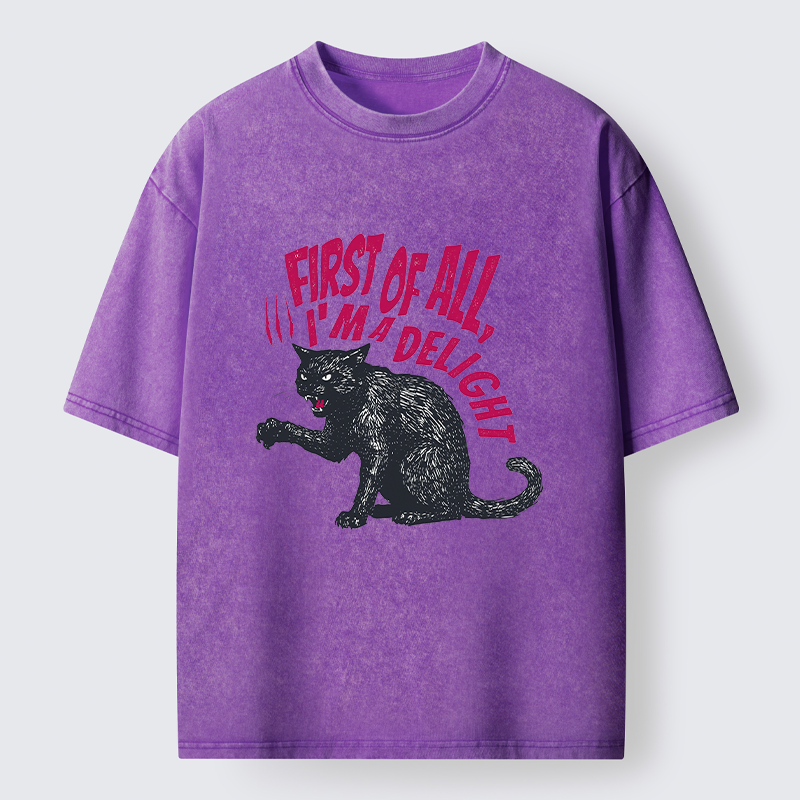  Fierce Black Cat Washed T-Shirt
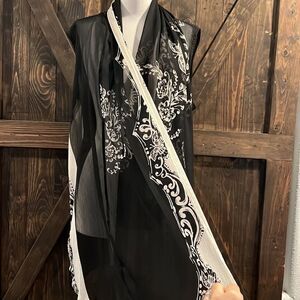 Coldwater Creek Black and White Sheer Sleeveless Tunic Kimono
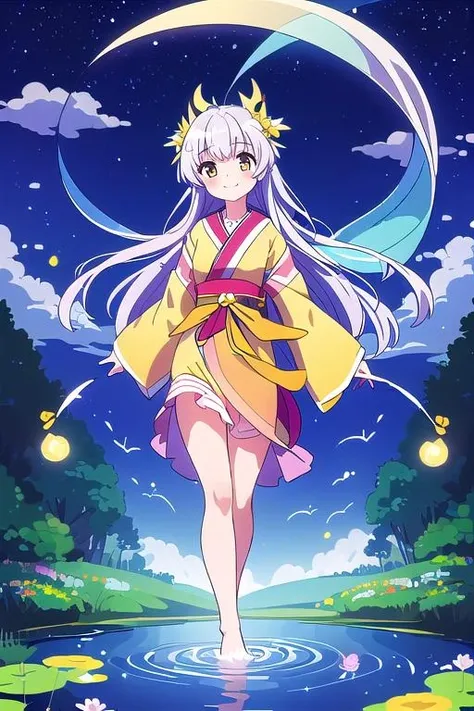 masterpiece,best quality, girl,blush,smile,yellow celestial maiden robe,floating feather ,<lora:celestial_maiden_robe:0.7>,cloud,forest,pond,walking on water surface,moonlight,fullmoon,firefly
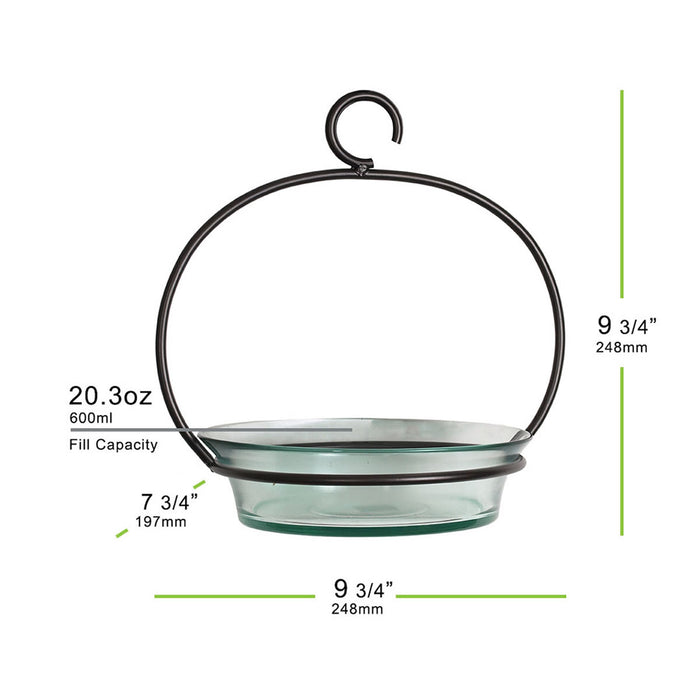 Cuban Bowl & Metal Hanger, 5 Colors; glass bowl in metal frame with hook, 9¾″ size, 20 oz capacity, ideal for birds or plants.
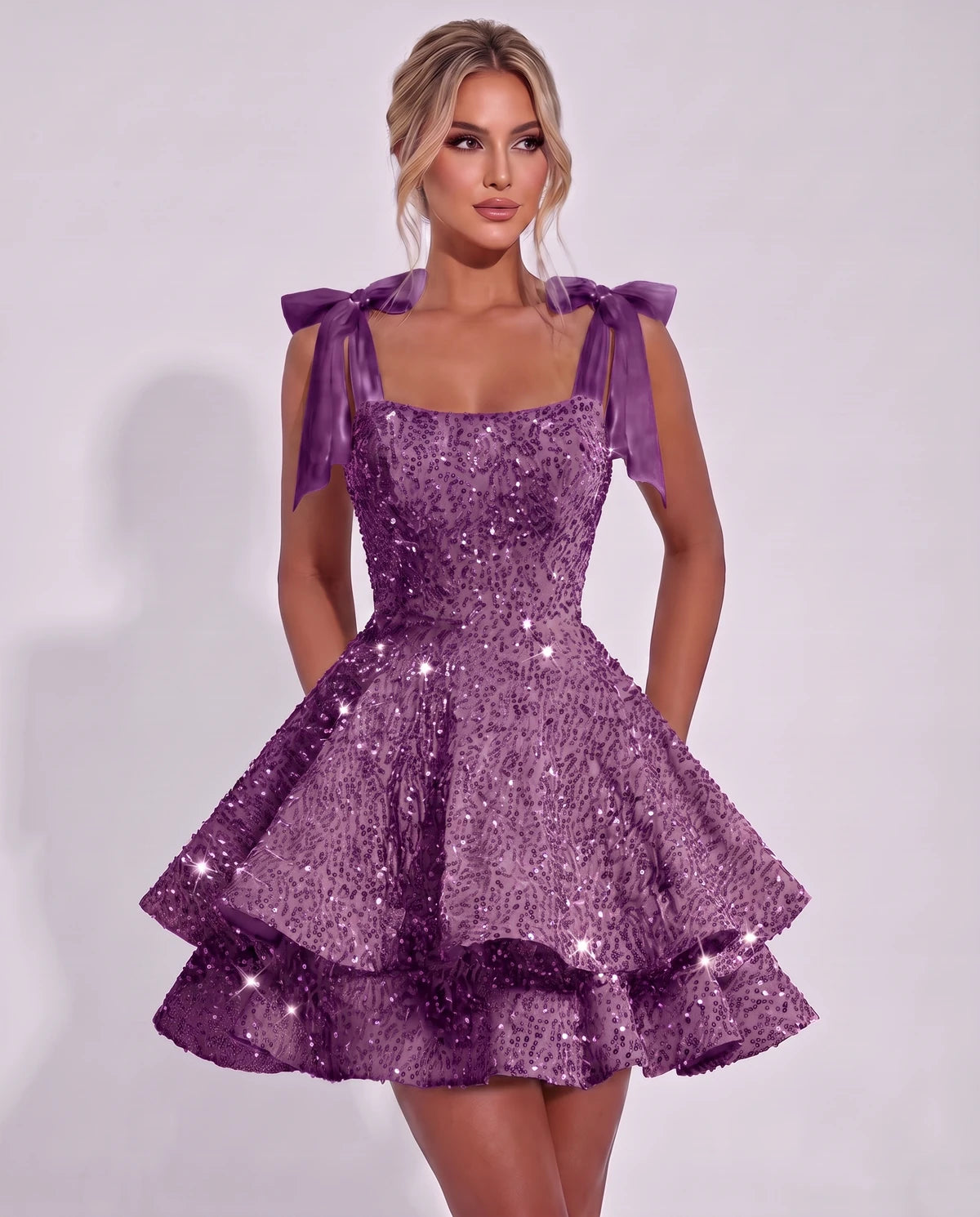 Astoria Mini Dress — Purple
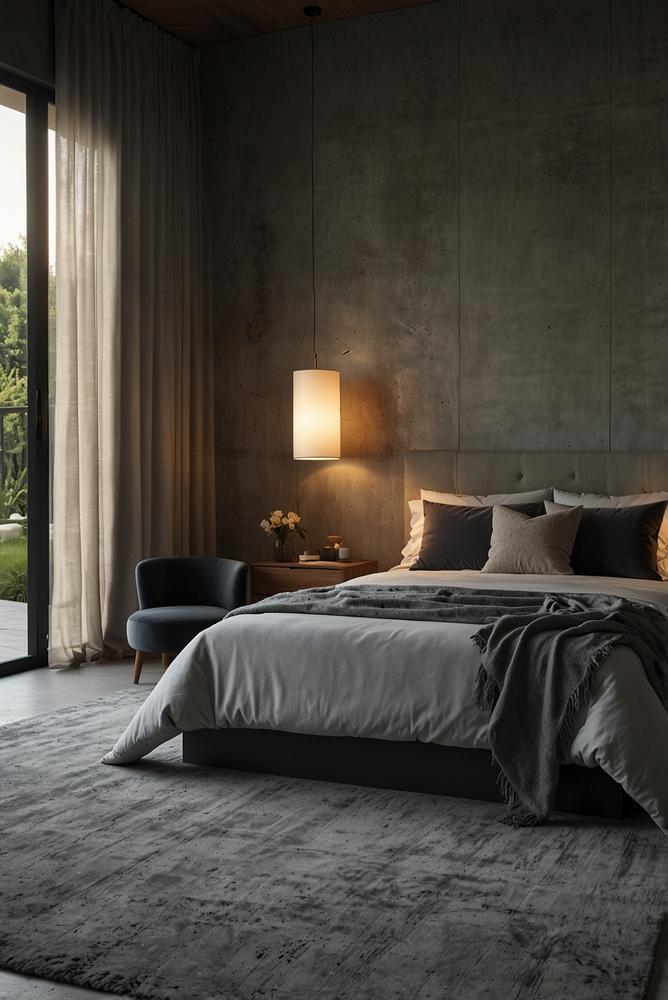 Schlafzimmer in grauer Betonoptik mit harmonischer Gestaltung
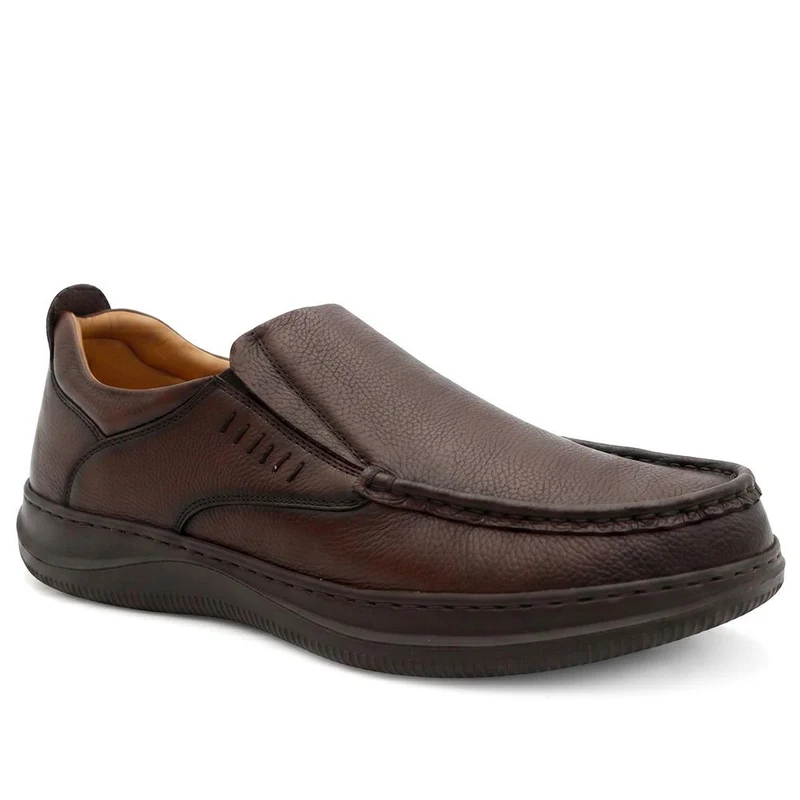 Wide Fit Leather Slip On Shoes - PRFEM44005 / 330 181 - Brown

▶ **EXERCISE DESCRIPTION**
Please copy the lines exactly, beginning at the one containing "Astoria Mini Dress — Purple" and ending at the last line of the records above, both included, with the pictures left out.

▶ **EXERCISE SOLUTION**
 Astoria Mini Dress — Purple
 Schlafzimmer in grauer Betonoptik mit harmonischer Gestaltung
 Wide Fit Leather Slip On Shoes - PRFEM44005 / 330 181 - Brown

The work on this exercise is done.